# To do
Everything in the listing below has to be repeated exactly, except the pictures.

# Collected material
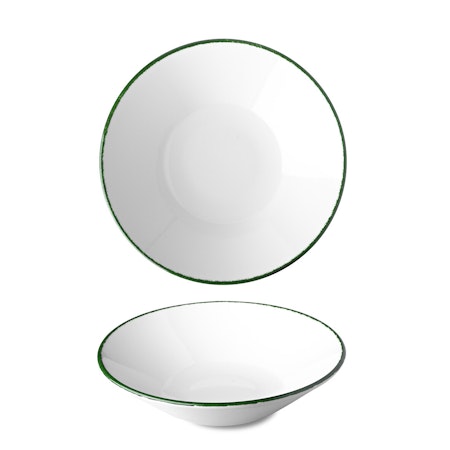 OPTIMO Picnic Pasta tallrik D26cm, Grön kant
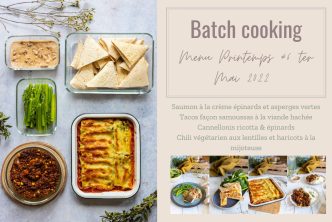 Batch cooking pour la semaine #18 – Mois de Mai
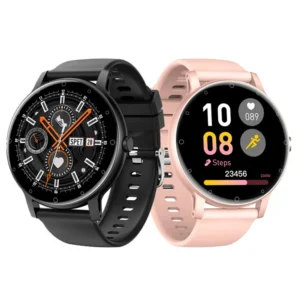 Combo Reloj MULTITECH MTW-2416 36 mm Negro|Rosado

# Worked solution
 OPTIMO Picnic Pasta tallrik D26cm, Grön kant
 Batch cooking pour la semaine #18 – Mois de Mai
 Combo Reloj MULTITECH MTW-2416 36 mm Negro|Rosado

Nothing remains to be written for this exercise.